Wednesday 31 October 2007

What a noise ?

For the first time since the formation of the Starling roost at Venus Pools, I managed to be there as the roost started to form. The first thing noticeable was the noise from the trees in the car park, which quietened as soon as the birds left for the main pool area. This flock numbered around 500 individuals.

Arriving at the public hide it was evident that the actual numbers already in situ was very large indeed and every few minutes more small groups were arriving to join the twittering throng, the light was fading really fast as the sun dipped beneath the hills to the west.

On several occasions the whole group lifted for a lap of noise giving a fair display, mind you nothing like you would see at some the country's top roost sites.

Digital pictures at really low light are not pleasing at all as can be seen by the amount of noise present in the darker areas, but numbers can certainly be estimated from this.

Now to an exciting bit of news, I found two yes two Otters by the gap in the reeds opposite the public hide, thankfully there were others in the hide to enjoy this sighting. Now not having been there to take pictures although I had the machine with me, it was not ready to produce the relevant record shots. They had moved along the inside margin of the reed bed for some time before appearing for a little respite from the hunting, it was interesting to see part of their movement by small fish leaping out of the water to escape the sharp teeth approaching fast.

So it is worth keeping your eyes out for the unexpected.

See you there!


Flatter than a witch's chest!

Wrekin at Dawn

And that is no exageration.

So a few "I bored so take Kingfisher Pictures" moments at the pool after a fruitless search for the Whooper swans over in the Melverley area in the morning.

So a few images from the Attingham day, suggestions for the caption are eagerly awaited!!!

"How long you bin playing the mouth organ?"

C U Soon


Monday 29 October 2007

Just for a Change!

Well nothing to report really from the pools, it was all looking good in the morning sunshine with the Black headed gulls playing nursemaid to each of the groups of ducks as they fed. An injured Mute swan, not seriously, was really attacked by the resident male, with the female running back up in case there was a rush for sanctuary by the interloper.

So it was just a few shots for the record book and back home to continue the work on the web site!

Well tommorow is the whopper swan hunt.

See you all later


Sunday 28 October 2007

Shower time!

With the body clock out of kilter with the rest of the country, I made an earlier than planned visit to Venus Pools today. It was interesting to see the result of the "topping" that had taken place on the two work party days last week. The islands now clear of the vegetation enabled a good clear view around the pool, sadly there was not a lot in the newly opened areas, or in any of the other areas either.
It did not take long for the rain to start and continue for a good spell, rather a relaxing sound as it hit the roof of the hide. The Kingfisher chose this moment to make its first appearance of the morning and started to preen in the clean! water.
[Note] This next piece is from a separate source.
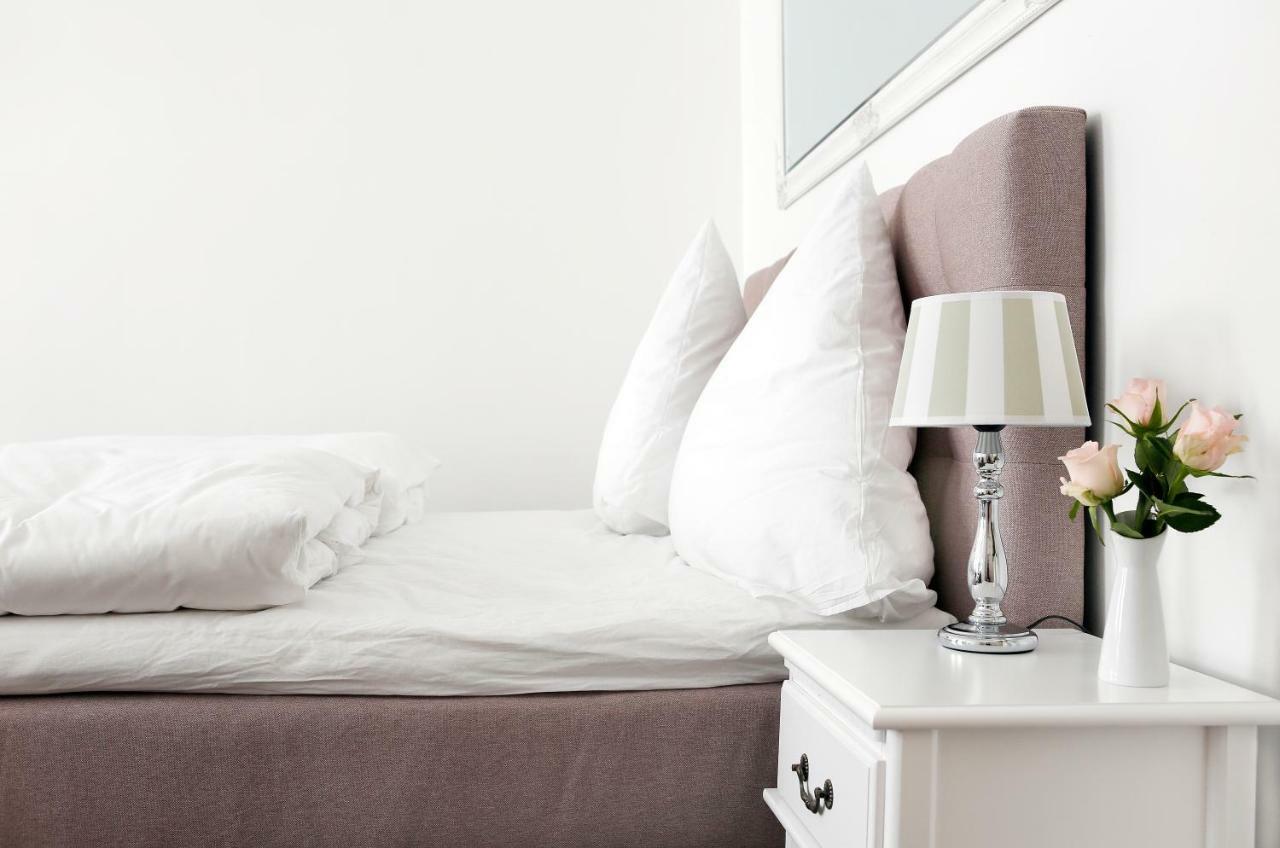 Droy By Rockchair Apartments L Superhost Status L 2 Bedroom Boxspringbeds Next To Center "Kurfuerstendamm" - Cozy Family & Business Flair Welcomes You! Berlin Dış mekan fotoğraf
The majority of Shoveler left around this time, but the Swans from the Trout pool put in appearance in force and with the resident adults of goodness knows where at the time the interlopers started to hassle the resident cygnets for a good while, and any other adult swan that decided it was fair game to invade an otherwise well protected area.
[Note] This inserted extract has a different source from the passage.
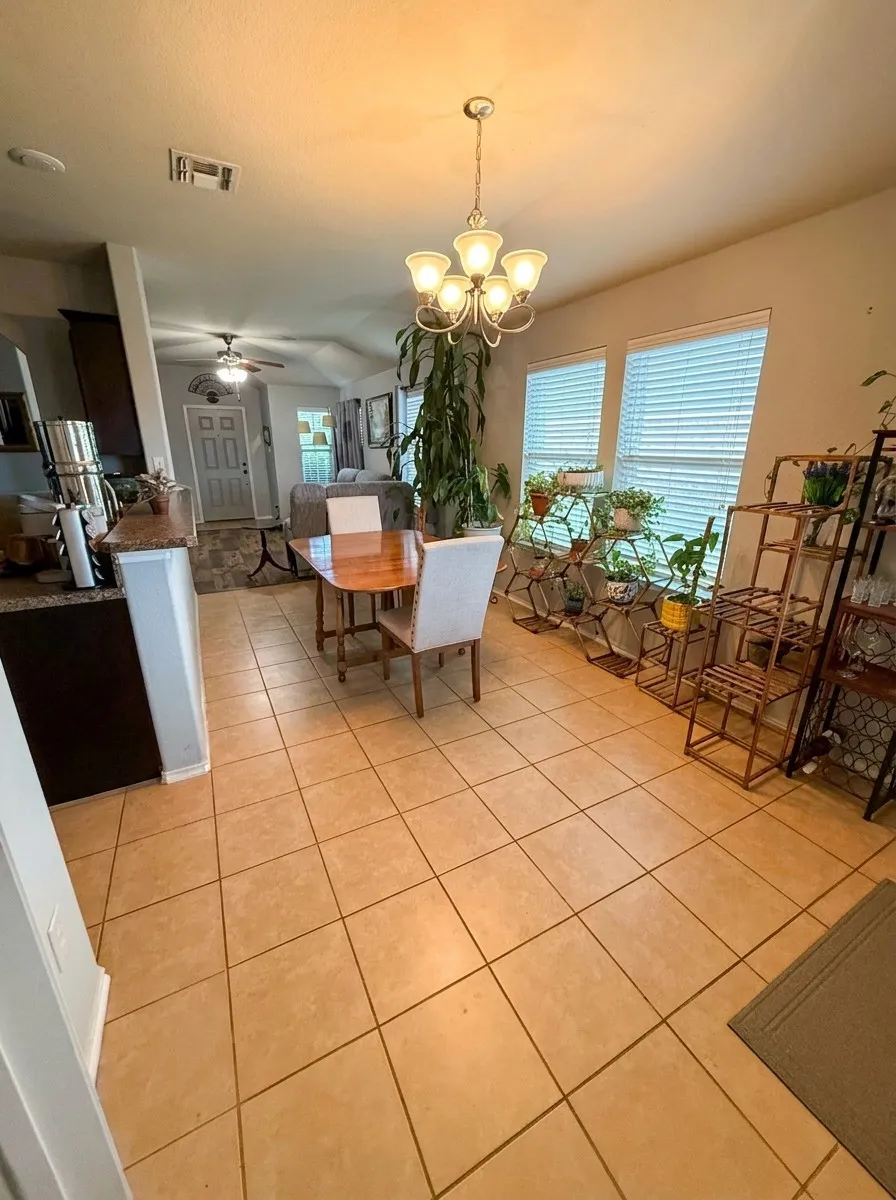 Single Family Residence For Sale in Collin County , 120 Chalk Road, Anna, Texas 75409, 3 Bedroom, 2 Bathroom, 2 Garage spaces, 1,260 Sqft, built in 2012, Preowned, mls#21233331, Real Estate Agent in Anna, Homes For Sale in Collin county, Homes For Sale in Anna, Realtor in Anna Texas, Real Estate Brokerage Independent Realty Texas, Luminita Cordes Realtor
A chance conversation with another birder produced a good report of Whooper swans at the Malverly area, a good place for the past few years. However as they are on private farm land stay to the footpaths if you should go.

So with the low light and the rain it was an early return home, to work on green and goldfinch shots around the feeders as they were building in numbers daily, and squabbling on a minute by minute basis, shame the light was not sufficient for action shots.

Well there it is short and sweet, really it is dire! very little activity on the birding front from around the count, some nice starling activity at the pools late on worth a look.

see you

Sunday 21 October 2007

Fishing for Comments

Its not a blog, its a comment cruiser. got a view on the format of this Kingfisher post I would love to hear them.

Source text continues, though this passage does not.